Why is sentience a "go to" argument for animal advocates and vegans?
Animal advocates and vegans advance the argument that animals are sentient and this means that they should be afforded a particular kind of regard. Often this means some kind of interest-based rights, but I get the feeling that for most, sentience just means that other animals feel stuff so we shouldn't be harming them.
The problem of harm is one of welfarism - that is, if we can use other animals without harming them (except for the killing part that is) there seems no real reason not to do so if there is a benefit to us from this. In the end I think the argument against this kind of animal use is from a personal sensitivity point of view - someone feels uncomfortable or sad that another animal is killed for food for example. For most people it probably is the case that as long as there is some level of good welfare, the use of animals in this way is fine.
The rights question seems to me to be a bit harder to work out. Why does "sentience" mean we should afford other animals rights?
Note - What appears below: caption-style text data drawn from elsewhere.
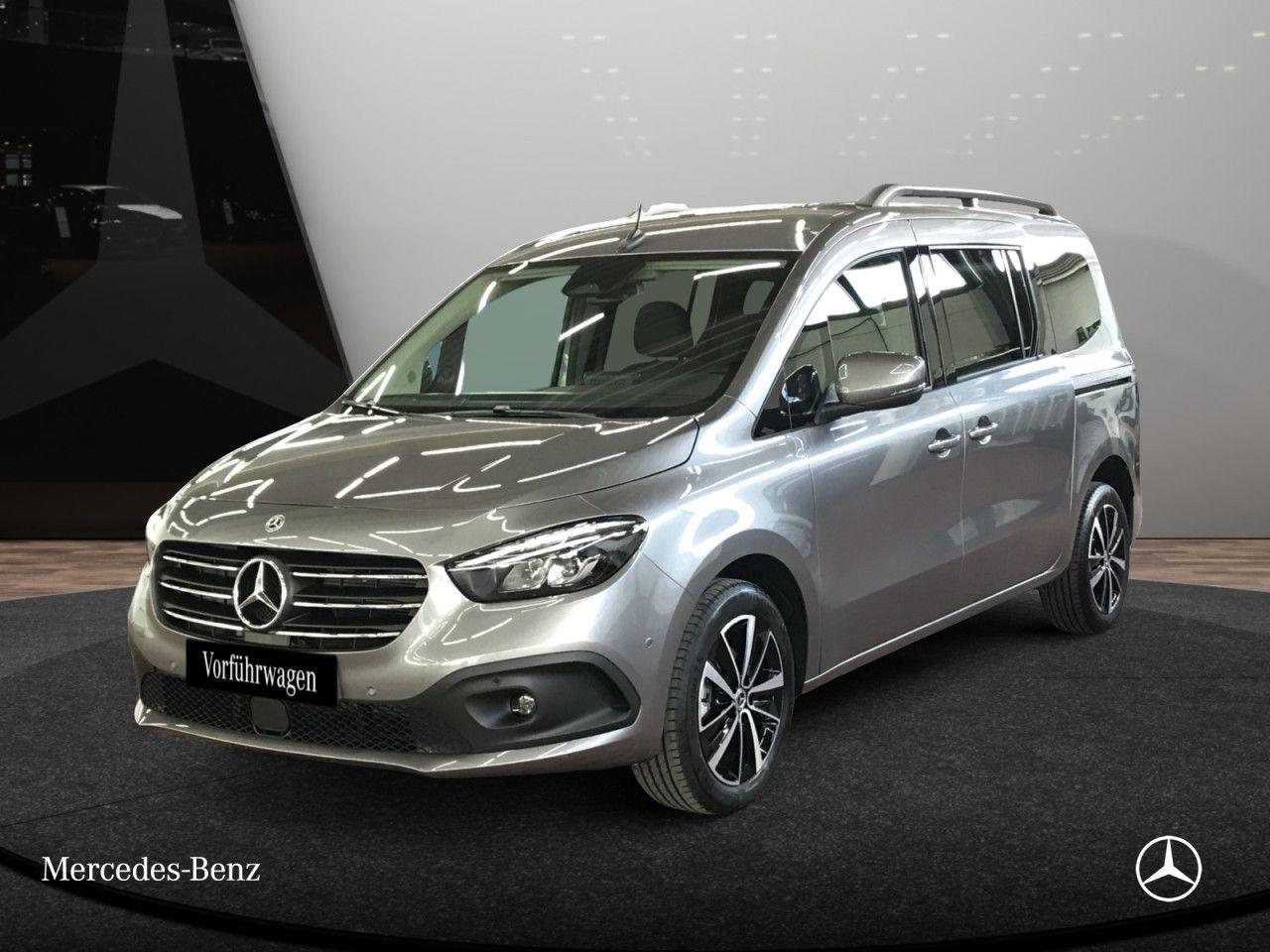 Mercedes-Benz T 180 Lang EDITION+PROGRESSIVE+Klimaautom+Navi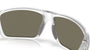 Costa FLY LINE 6S9129 Sunglasses | Size 64 / Matte Black / Gray (Polarized) (3P 14%) №912908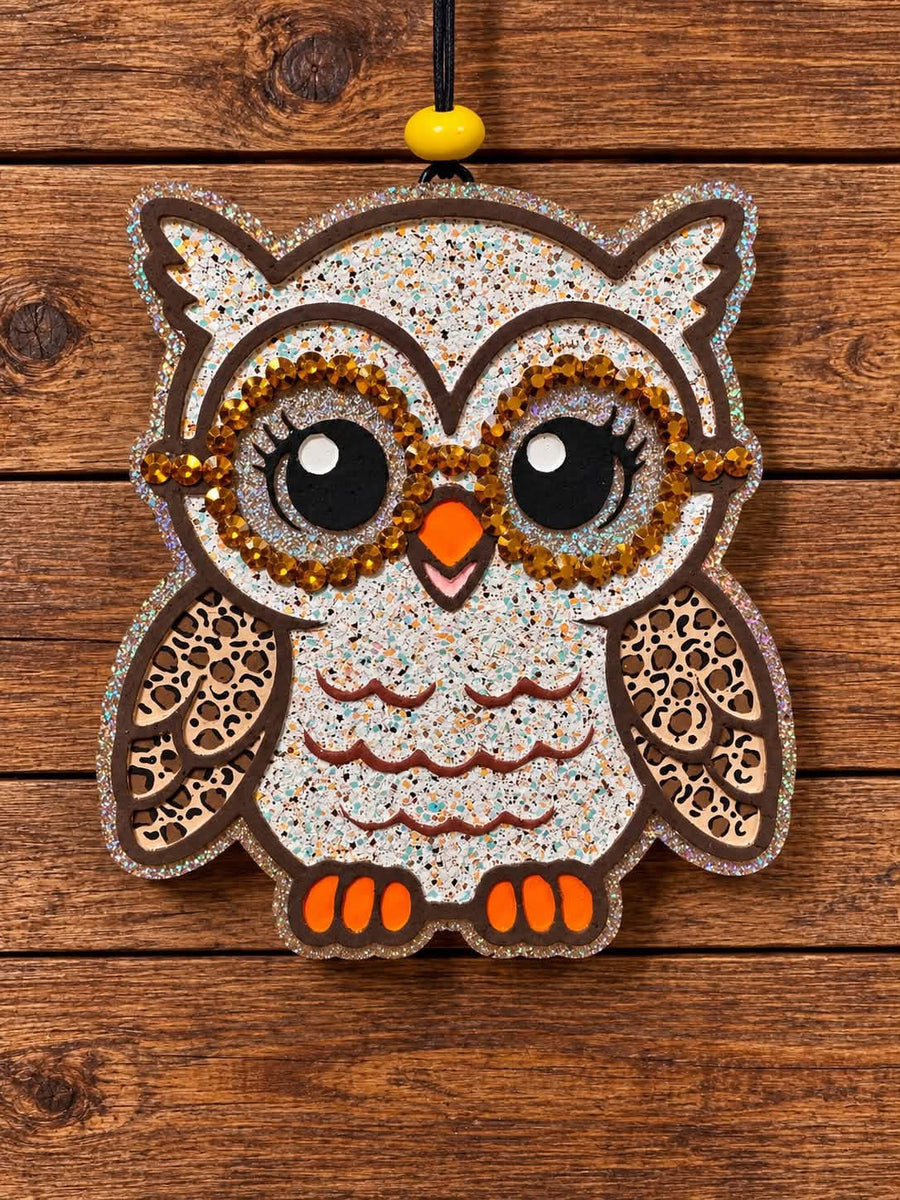 Owl Geek Squad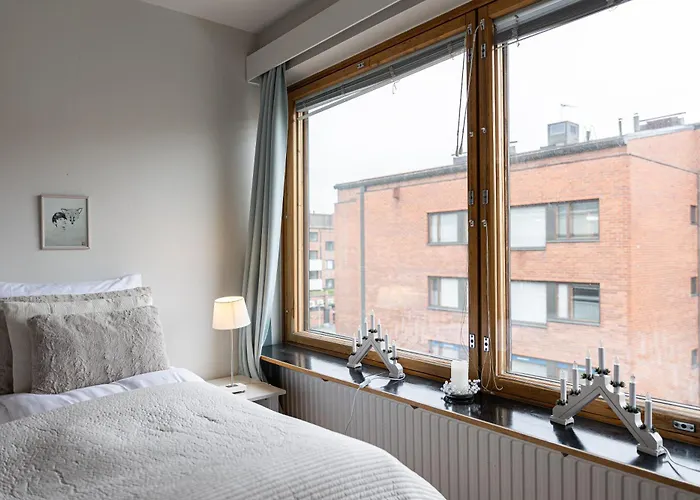 Lapland Appartamento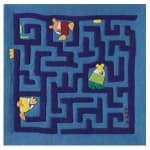 Sample 4 – Maze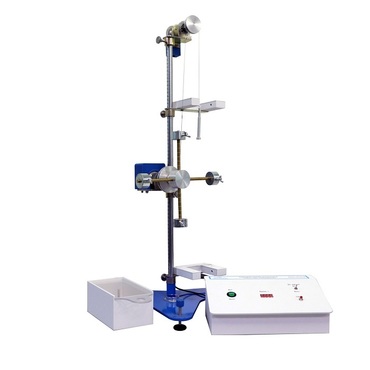 Учебная лабораторная установка «Маятник Обербека» - «globural.ru» - Якутск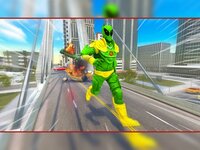 Superhero Fight:Mad City Story screenshot, image №2826359 - RAWG
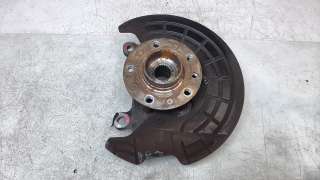 Recambio de mangueta delantera izquierda para jeep compass ii 2017- 1.6 m-jet cat referencia OEM IAM 52090251  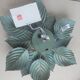 Masca ceiling / wall light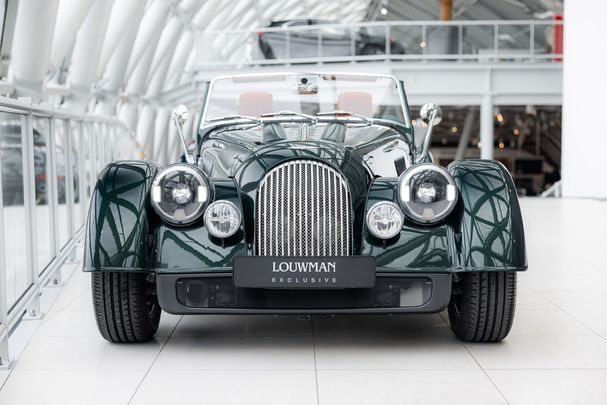 Morgan Plus 4 190 kW image number 2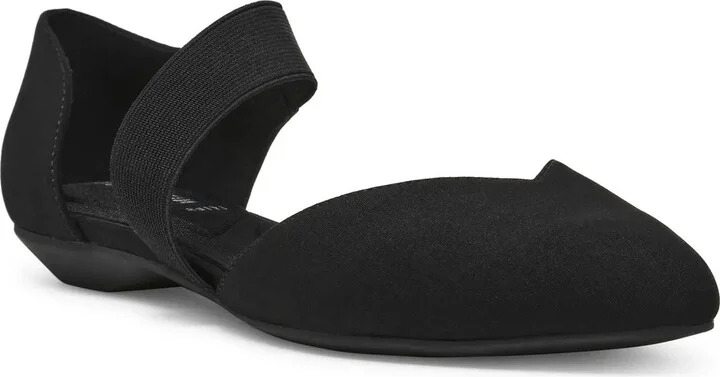Anne Klein Obila Flat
Do activists seriously believe that mice should have rights? Or, at least, the same rights as a cow? When is sentience sufficient to require rights?
This seems a rubbery question and I am not sure it reduces to any solid argument. No-one can really know what cows or mice think and how they feel about the world, so doesn't the case from sentience really just reduce to welfarism again? Why does it have to be more? Yes, I've read a few books about this but mostly it just comes down to someone's feeling that sentience demands a rights based recognition. Is there any empirical basis to this claim that doesn't simply reduce to welfarism?
If a being is not capable of suffering, there is no suffering to consider when deciding how to treat them. If a being is not capable of feeling, there is no feeling to consider when deciding how to treat them. If a being cannot experience life or enjoy life, or be miserable, what is there to take from them if they would be killed? If a being knows nothing, feels nothing and does not suffer or have any interest in not suffering, there is nothing for them to lose if they are, for example, hit or cut and killed. Destroying a non-sentient “being” that has never suffered or been sentient and will never suffer or be sentient is akin to just destroying or damaging an inanimate object; they have no experiences, no capacity for suffering or for happiness, no capacity to feel, no capacity to think or be aware of anything.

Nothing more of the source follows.